20.2.6. Hit Scores
When a document satisfies a text search expression a score is computed to reflect the closeness of the match. This is a positive integer, with a higher value meaning a closer match. The scores are only comparable between results of the same query against the same database. Moreover, the scoring rules are different for different versions of Virtuoso server, due to the progress in information retrieval theory. Thus the only really safe thing to do with scores is to sort the list of hits by descending score to produce more relevant hits first. In addition, the CONTAINS predicate allows specifying a lower limit to the score of produced hits so a smart application can reduce a number of retrieved documents by filtering out the less relevant documents.

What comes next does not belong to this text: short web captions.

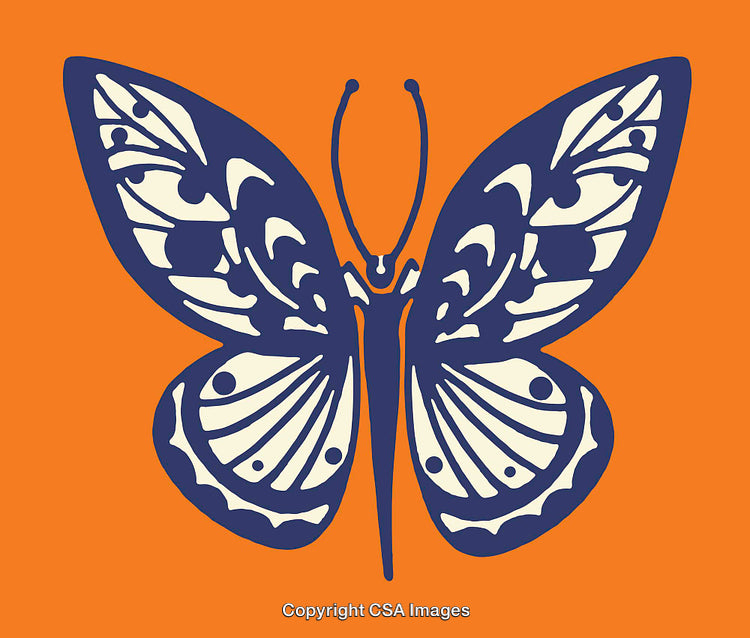 Detailed Blue Butterfly Illustration on Vibrant Orange Background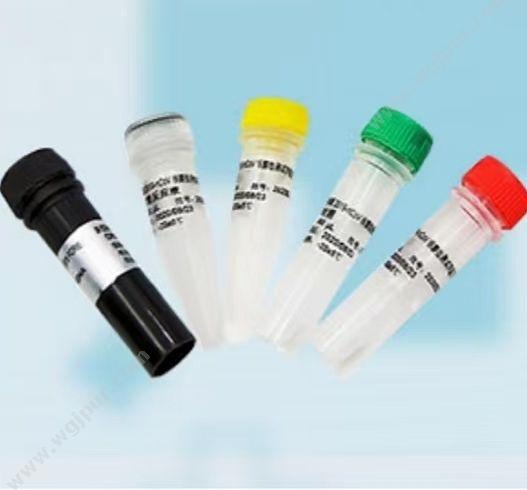 伯杰 新型冠状病毒2019-nCoV核酸检测试剂盒（荧光PCR法） 50人份/盒 核酸试剂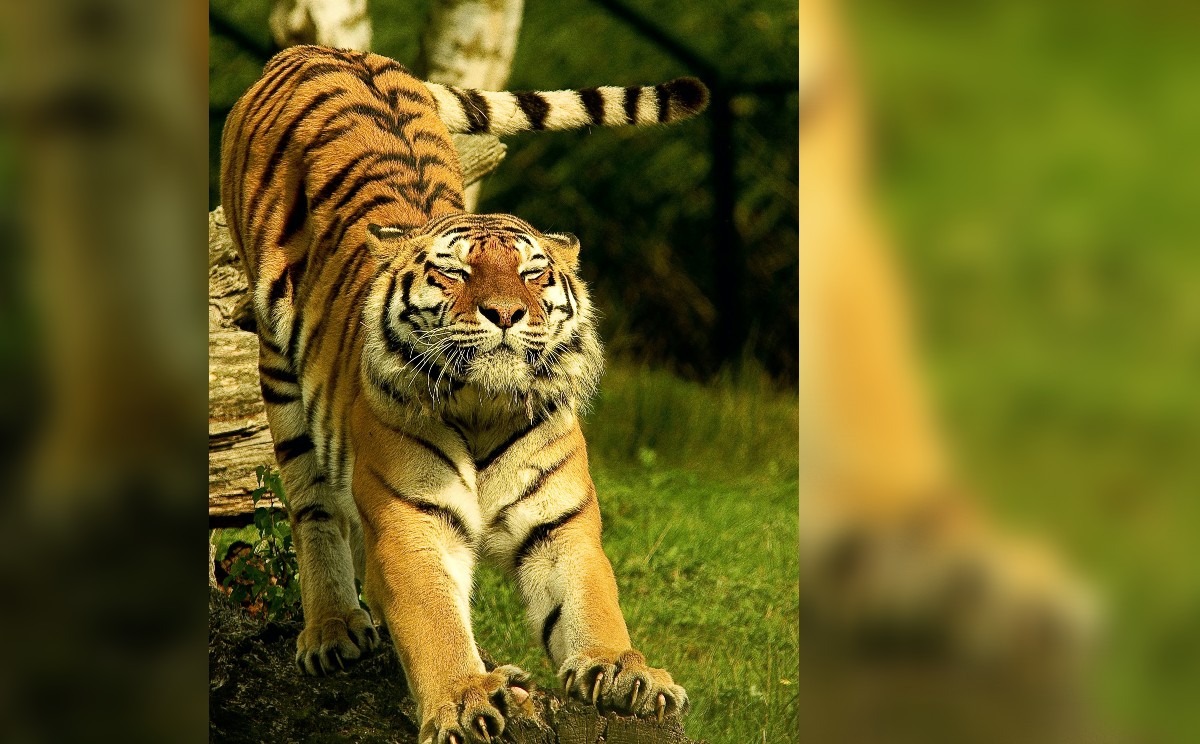 tigre de bengala
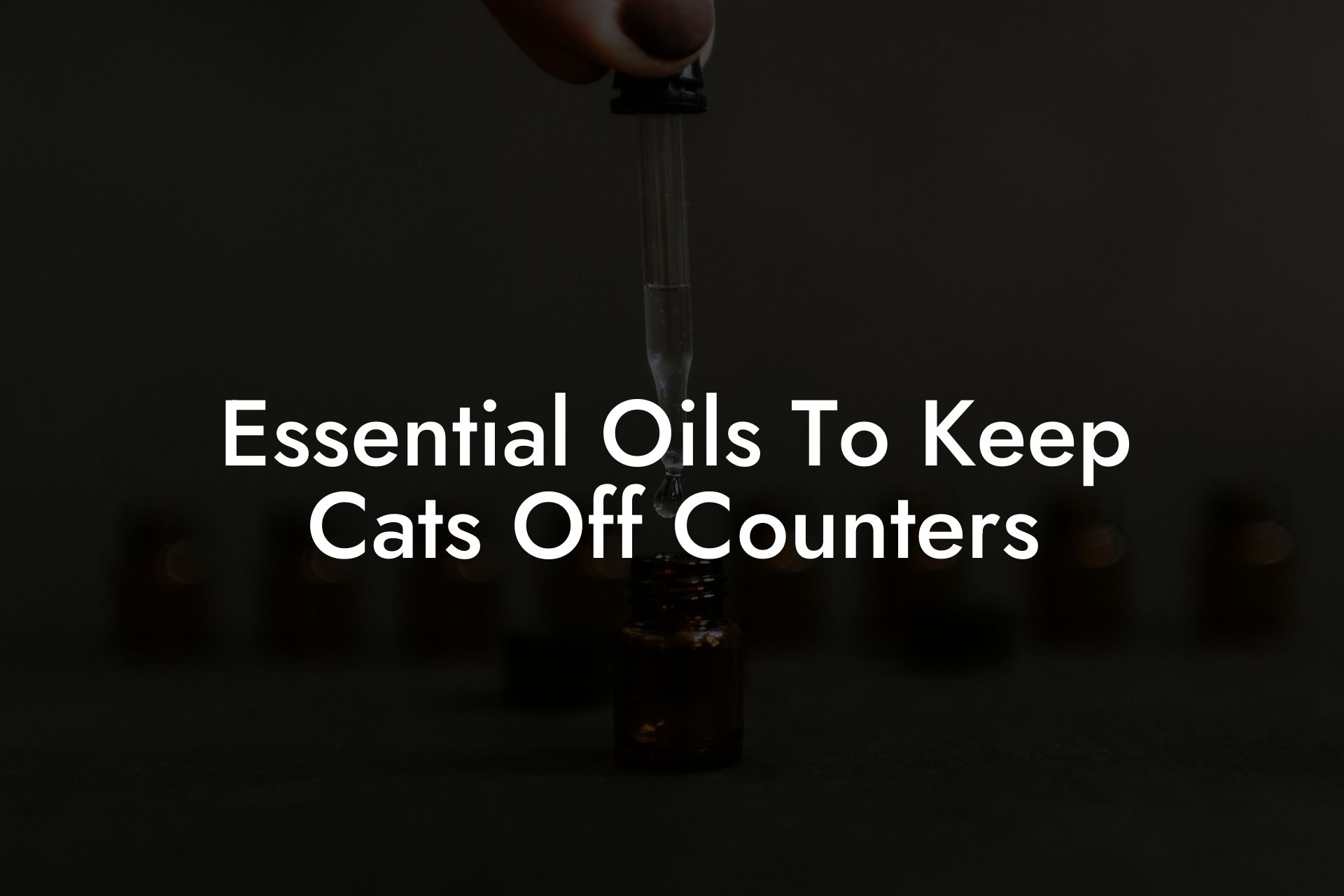 Essential Oils To Keep Cats Off Counters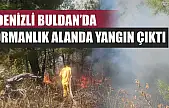 Denizli Buldan'da ormanlık alanda yangın çıktı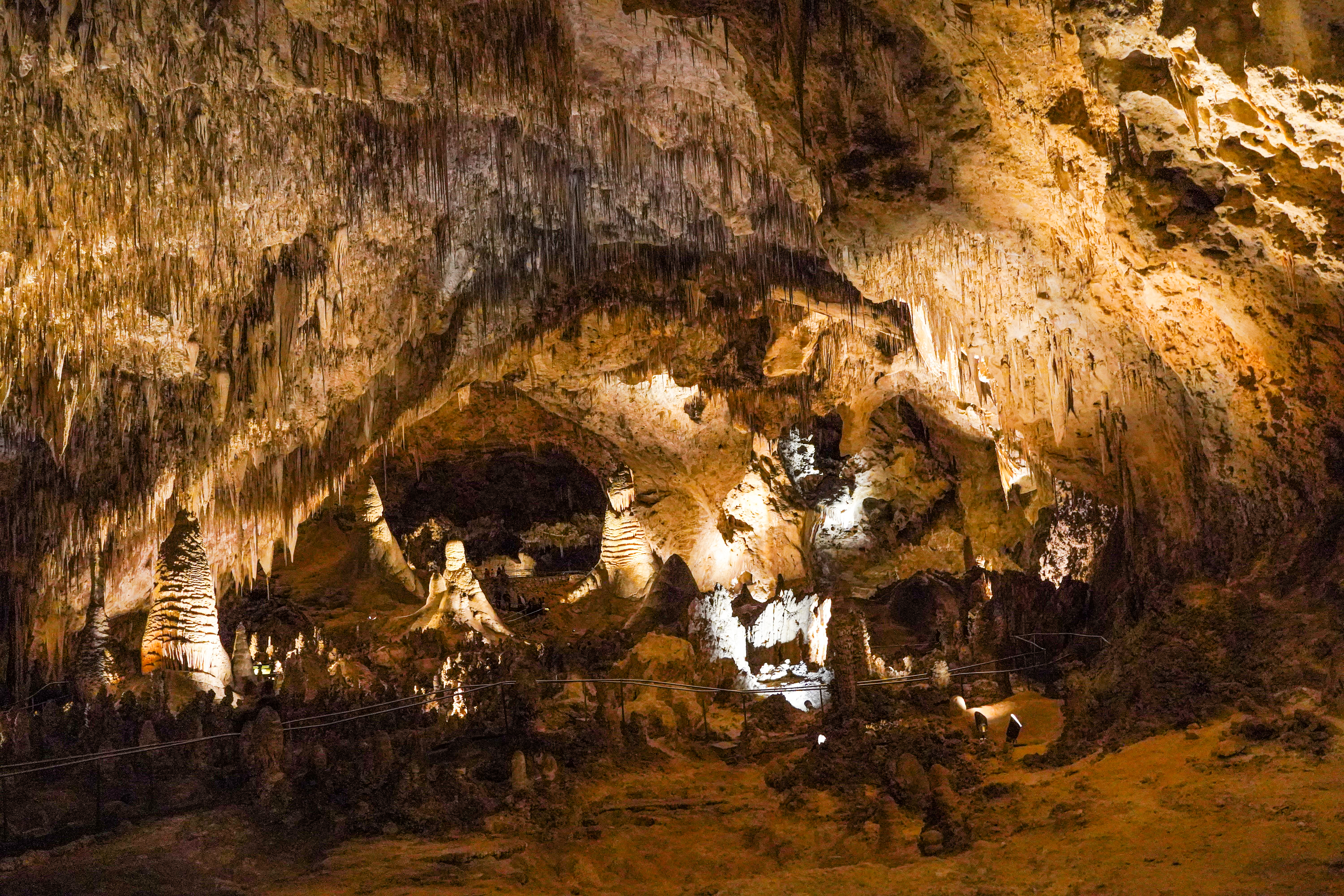 Unveiling the Green Journey: The Untold Cannabis Story of New Mexico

While the real scoring rules of the server are too sophisticated to be listed here, the basic concept is simple: hits for restrictive terms are most important than hits for generic terms, frequent hits in same document are more important than occasional, hits that are probably concentrated in same sentence are more important than hits here and there in a long text:
The score of a single word term is proportional to the frequency of the word in the document. |
The score of a phrase is proportional to both the frequency of the phrase in the document and the number of words in the phrase. |
The score of a proximity term 'A NEAR B' depends on the distance between A and B in words - greater distances result in smaller scores. E.g. the score is 100 for zero distance, 80 for 5 word distance, 50 for distance 10, 20 for distance 20; then it slowly decreases to 1 for distance 100. If the distance is 100 words or greater then the condition A NEAR B is considered not to be satisfied. If the A-B pair occurs several times throughout the document the scores of each pair are added. Virtuoso searches for shortest possible pairs, so if there is more than one word A around B then the nearest A is selected for scoring. |
Score of a term like A AND B AND C... AND Z is a minimum of scores of A, B,... Z plus some bonuses. Longer list of AND'ed terms get higher score. A special bonus for term A AND B is added if hits of subterm A are close to the hits of subterm B. |
Score of a term like A OR B OR C... OR Z is a maximum of scores of A, B,... Z, with some additional corrections. Longer list of OR'ed terms get lower score. A special bonus for term A OR B is added if hits of subterm A are close to the hits of subterm B. |
Score of a term like A AND NOT B is equal to the score of subterm A. The subterm B is used for filtering out redundant hits but it does not affect the scoring. |
The XCONTAINS predicate can also return scores. These scores are somewhat similar to scores made by CONTAINS but rules for them are too complicated to be explained here.